Thursday, August 19, 2010

Dissent

I started my Pre-AP classes today with a quote from chapter II of John Stuart Mill's On Liberty.

But the peculiar evil of silencing the expression of an opinion is, that it is robbing the human race; posterity as well as the existing generation; those who dissent from the opinion, still more than those who hold it. If the opinion is right, they are deprived of the opportunity of exchanging error for truth: if wrong, they lose, what is almost as great a benefit, the clearer perception and livelier impression of truth, produced by its collision with error.

Dissent is such an important component of a free society. The majority is not always right, even though it believes it is because it's the majority, and majority rules. Sometimes, the majority has a nasty habit of painting dissenters as wrong-headed, frightening, immoral, even evil.

Cool discussion starter, huh?

I love teaching Fahrenheit 451. This is the 12th time I've started the school year with Bradbury's classic. The book never stops being relevant because the day-to-day living out of our constitutional ideals never stops being a struggle. Watch the news. You'll see that struggle playing out within the first five minutes.

In his "Coda" to Fahrenheit, Bradbury said, "There is more than one way to burn a book, and the world is full of people running around with lit matches."

I've posted this link before, but it bears repeating. The ALA keeps data on all formal challenges to public libraries, school libraries, and classrooms. This is their most challenged/banned list for the last decade. They also sort the data by year and by author, or you can see which classics are the most challenged/banned. For the most recent years, they also post the reasons why a particular book was challenged.
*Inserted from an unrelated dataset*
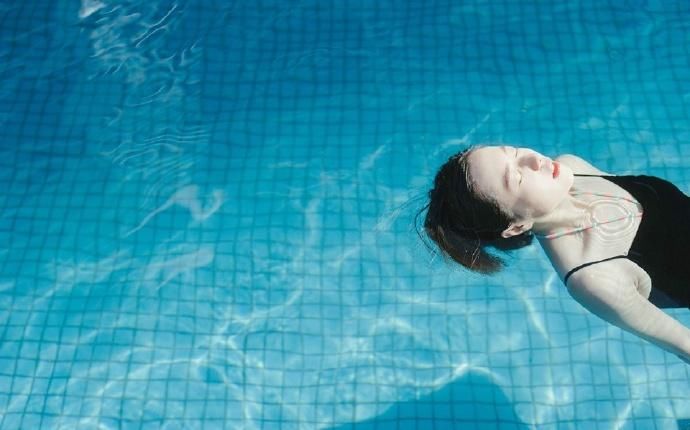 短发泳装美女泳池湿身诱惑写真图片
I gave the lists for the last two years and for the decade to my students. They were flabbergasted that books like the Junie B. Jones children's series are on the list. That particular series is beloved by a lot of kids because they discovered their love of reading with Junie. Goosebumps and Captain Underpants are on the list too.

Some of my more naive students were surprised to find the Harry Potter series at the top of the decade list. I explained that Harry Potter is challenged because of religious viewpoint. One confused student said, "But it's about how love is the most powerful force in the universe."
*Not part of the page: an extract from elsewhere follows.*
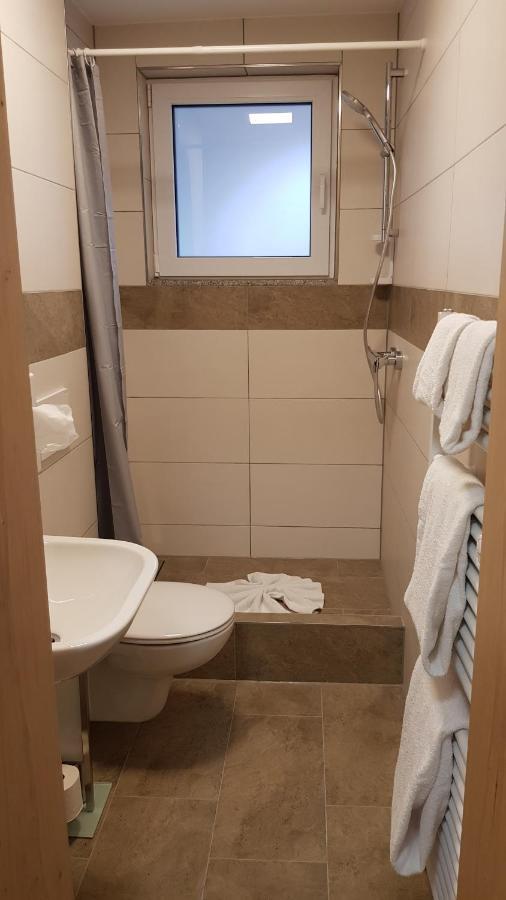 Braustueble Und Hotel Zur Post Вайлер-Зіммерберг Екстер'єр фото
Out of the mouths of babes...

Interestingly, J.K. Rowling falls off the author list after 2003. I interpret this to mean that most of the challenges came early in the decade and that people have cooled down a little over Harry and the gang. One can only hope.

I asked students to tally the number of books they had read on the banned lists. The competition became fierce as students tried to add books to their tally they had started, but not finished. Or they wanted to count every Junie B. Jones they had ever read separately. One student had legitimately read 35 books on the combined lists. I've only read 44, so I was impressed. I'm challenging them to add to their tally before their freshman year is over, and we're going to count again at the end.

My favorite moment came when one young man asked me with wide eyes, "What happens if you read a banned book?"

I responded solemnly, "You burst into flames."

The poor kid doesn't know me yet, and "Oh my god...my teacher is crazy" crossed his face. Then, he realized I must be joking and laughed. I did have to explain that he would not be committing a crime if he read a banned book. I went further and said I believed the people who had the books removed from a library had committed a crime against every patron of that library.

I'm subversive like that.

But I'm not the only one. Mills said that suppressing ideas robs all of humanity of the opportunity to pursue the truth. President Eisenhower said, "Freedom cannot be censored into existence."

If we can't respect our neighbor's dissenting idea, then we have to find a way to respect his right to have a dissenting idea without limiting access to it. Censorship is a society killer.

You don't have to take my word for it. Read Fahrenheit 451.